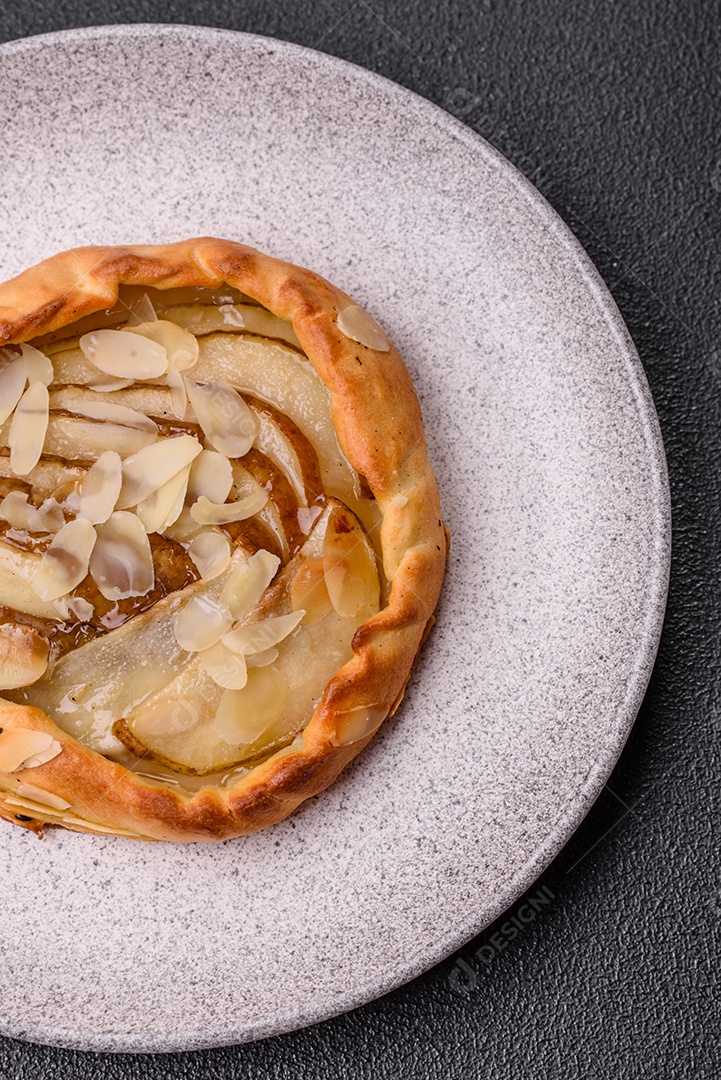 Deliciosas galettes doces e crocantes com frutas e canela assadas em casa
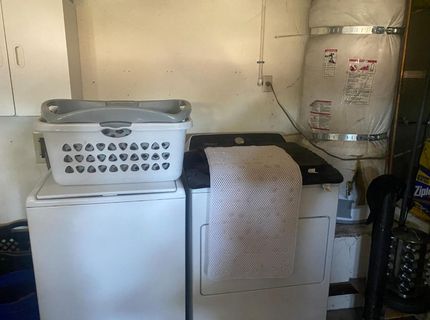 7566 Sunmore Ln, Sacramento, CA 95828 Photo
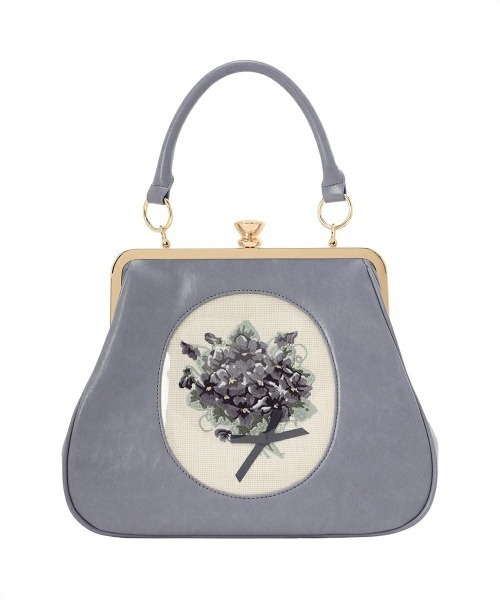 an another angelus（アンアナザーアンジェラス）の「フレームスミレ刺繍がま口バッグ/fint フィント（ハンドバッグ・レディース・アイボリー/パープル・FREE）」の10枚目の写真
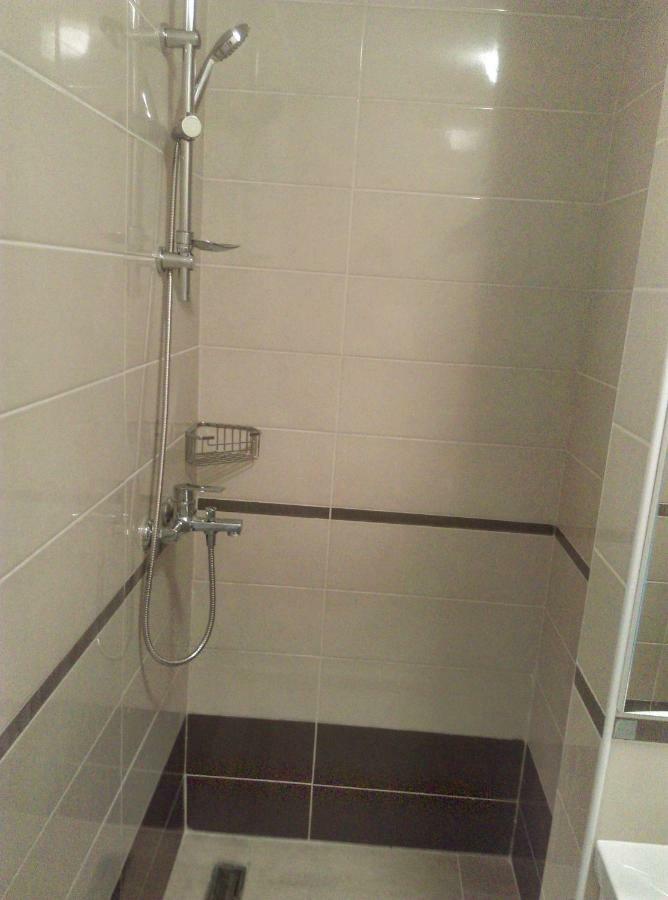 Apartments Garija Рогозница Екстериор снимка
══════
■ **Activity**:
Pictures must be left out. Return verbatim only the lines from the line with "7566 Sunmore Ln, Sacramento, CA 95828 Photo" through the final line of the material above, including both ends.

■ **The answer**:
 7566 Sunmore Ln, Sacramento, CA 95828 Photo
 an another angelus（アンアナザーアンジェラス）の「フレームスミレ刺繍がま口バッグ/fint フィント（ハンドバッグ・レディース・アイボリー/パープル・FREE）」の10枚目の写真
 Apartments Garija Рогозница Екстериор снимка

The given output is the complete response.